Return to Freedom does not endorse the argument that there is an overpopulation of wild horses and burros. While livestock graze on 160 million acres of Bureau of Land Management (BLM)-managed lands, wild horses and burros are consigned to only 26.9 million acres, just 11% of our public lands, where they are out-numbered by millions of privately owned livestock by an average ratio of 50 to 1.
Return to Freedom endorses the protection of predators to naturally manage large mammal populations in wilderness areas. Unfortunately, this has not been accepted as a viable argument in the current political paradigm due to livestock management and urban encroachment.
Only to the extent that population control is necessary, fertility control methods are available whose efficiency has been proven safe, humane, and effective as an alternative to permanent sterilization, capture, removal, or shooting. Native PZP, a non-hormonal form of immunocontraception widely used in wildlife, should only be used judiciously with wild horses, solely to the extent necessary to maintain healthy population levels, in keeping with the original spirit and intent of the Wild Free-Roaming Horse and Burro Act of 1971. The goal is to minimize the need for costly and traumatic roundups, as well as save millions of tax dollars, while ensuring natural selection and genetic diversity by slowing down reproduction as opposed to stopping it all together or removing wild horses and burros from the range.
At Return to Freedom’s American Wild Horse Sanctuary, the mission includes:
- maintaining natural social and harem bands to allow natural social behavior
- exploring minimally invasive wild horse management that can be applied on the range
To that end, RTF had six herd management options:
- Option 1: No management (increasing population)
- Option 2: Adoption or sale (to address increasing population)
- Option 3: Permanent sterilization of stallions (permanent/affects behavior)
- Option 4: Permanent sterilization of mares (permanent/affects behavior)
- Option 5: Separation (permanent/affects behavior)
- Option 6: Contraception (reversible, allows natural social bands)
After examining all options, #6, fertility control was selected at RTF as the least invasive approach.
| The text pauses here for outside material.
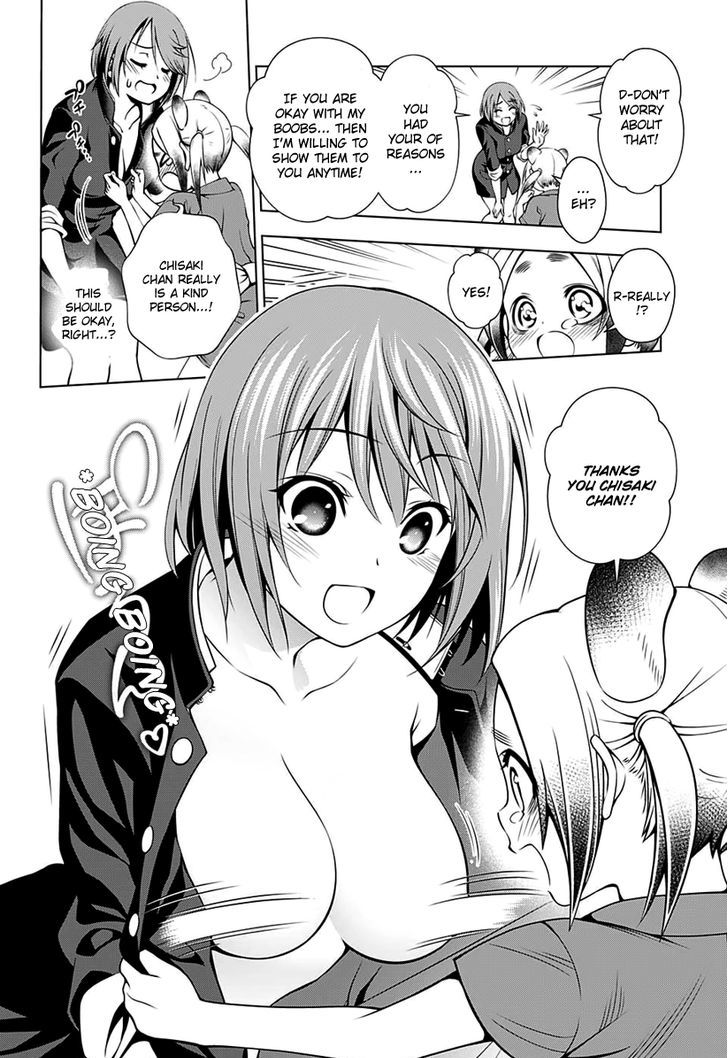 Yuragi Sou No Yuuna San 6 15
Education is a primary goal of Return to Freedom’s mission. Our sanctuary was created not only as a model to explore solutions for wild horse and burro management that could be applied on the range (as an alternative to the capture, removal, and warehousing of wild horses and burros), but also as a venue to appreciate and observe natural horse behaviors. With over 22 years of data, Native PZP was a proven effective and humane method to make this possible. In 1999, RTF reached out to Dr. Jay Kirkpatrick, Director of The Science and Conservation Center in Billings, Montana. Under his guidance, RTF has been able to manage herd populations at the Sanctuary utilizing the native PZP vaccine — a non-hormonal, reversible fertility control, effective for slowing down reproduction in wild mammals.
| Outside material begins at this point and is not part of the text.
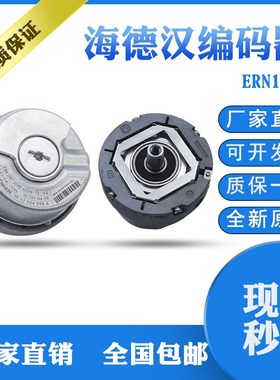 海德汉1387编码器ERN1387 204862S14-70电梯同步机旋转电梯专用件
Because it is non-hormonal, it does not:
- affect the endocrine system or natural behaviors
- create negative health side effects
- enter the food chain, harming other wildlife
In order to allow our horses to live as natural a lifestyle as we can provide, wild horse bands at Return to Freedom are managed with native PZP. This allows the natural hormone-driven movement and behaviors which are necessary for the horses’ well being physically and emotionally while blocking fertilization.
Not all mares respond to the vaccine (non-responders) and a small percentage of mares who had been responding to the vaccine for 6-7 years, and were taken off the program, have foaled again. So fears of native PZP eradicating herds have been proven moot. In this way, the vaccine becomes a tool to slow down reproduction and avoid adoption, separation, or permanent sterilization.
Our data, presented at the 2012 Wild Horse Symposium in Jackson Hole, WY, shows that RTF’s birth control program has an efficacy rate of about 85-91%. Currently, all fertile mares housed with band stallions are on birth control.
Even if the BLM could administer the vaccine to every mare on federal lands, it would not be possible to zero out herds with this method. Unfortunately, BLM has been more focused on permanent sterilization to achieve its desired low-population goals, and it has been an uphill challenge to engage the agency in increasing the use of this benign vaccine to manage the horses on the range where they rightfully belong.